» Required action
Each line from the one that holds "All the Hearts" to the end of the entries is to be given again exactly. Do not include pictures.
*** Material supplied Section Begins ***
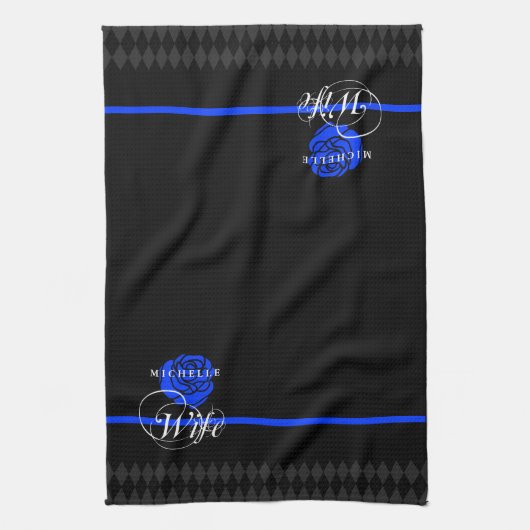 Politievrouw Thin Blue Line Roos Aangepaste naam Theedoek (Verticaal)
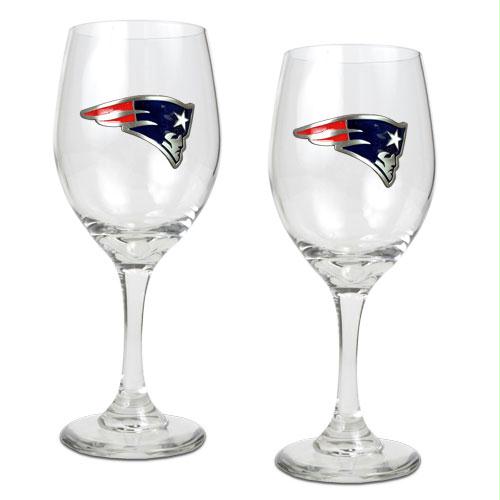 Great American Products New England Patriots NFL 2pc Wine Glass Set Primary Logo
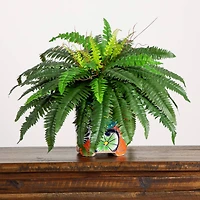21" Artificial Boston Fern in Handmade Mexican Talavera Ceramic Planter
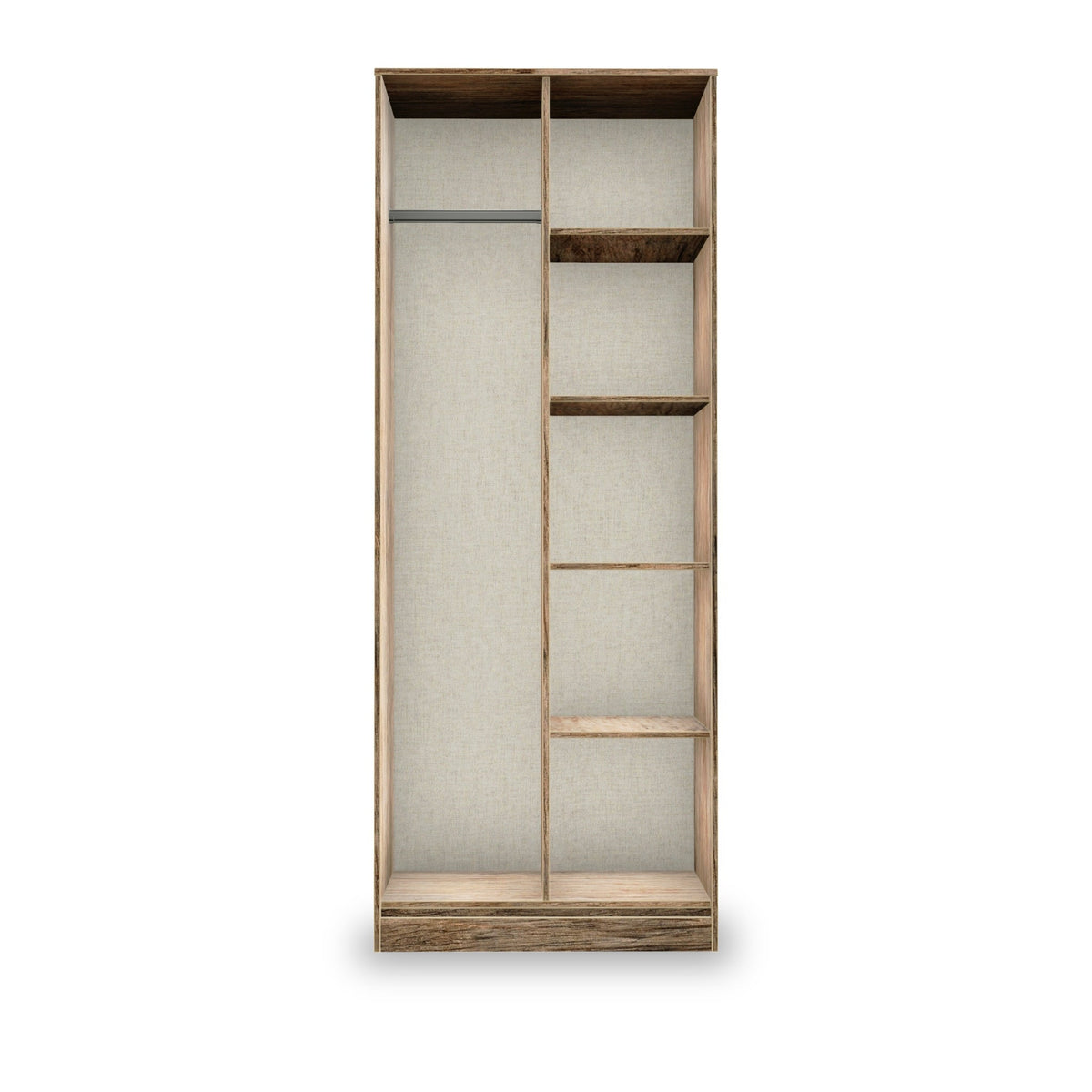 Moreno Rustic Oak Open Shelf Storage Unit from Roseland furniture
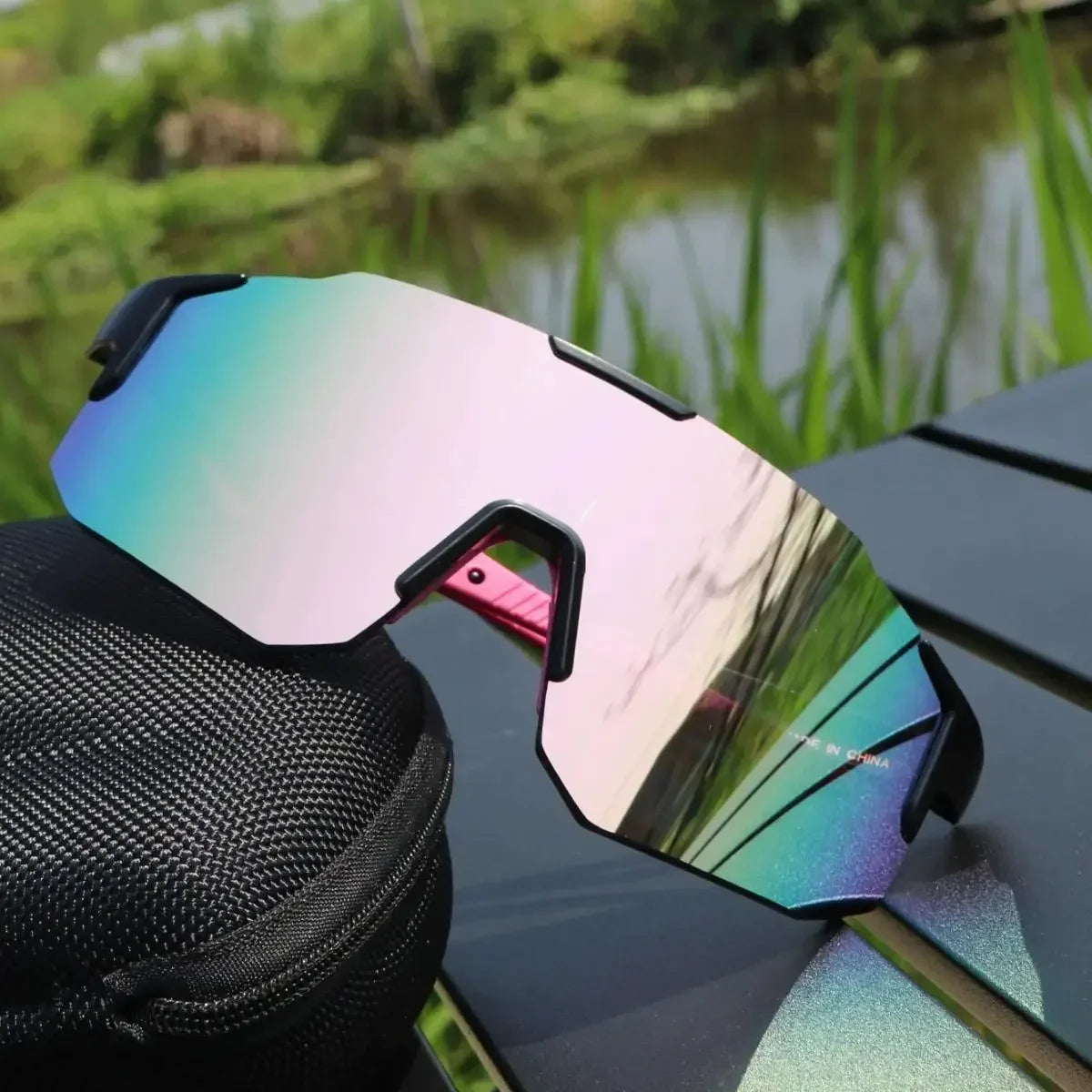 UV400 Cycling Sunglasses with Large Frame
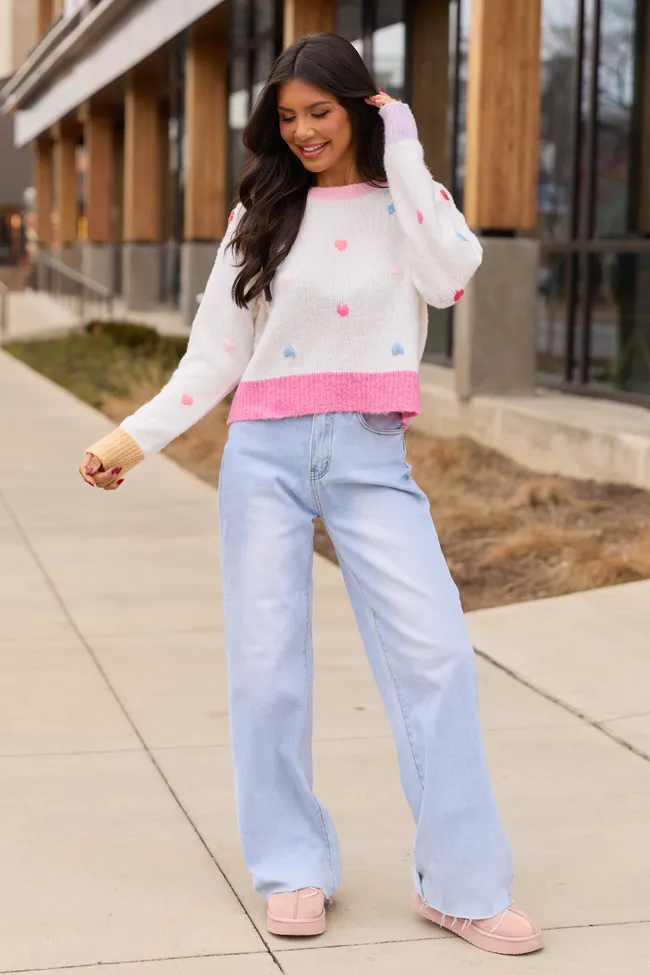 All the Hearts Ivory Crewneck Sweater FINAL SALE sold by Pink Lily product image thumbnail 2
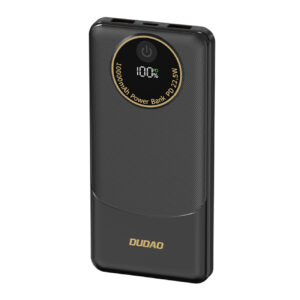 Dudao išorinė baterija K12 10000mAh PD22.5W USB-A, USB-C - juoda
*** Material supplied Section Ends ***
» Task response
 All the Hearts Ivory Crewneck Sweater FINAL SALE sold by Pink Lily product image thumbnail 2
 Dudao išorinė baterija K12 10000mAh PD22.5W USB-A, USB-C - juoda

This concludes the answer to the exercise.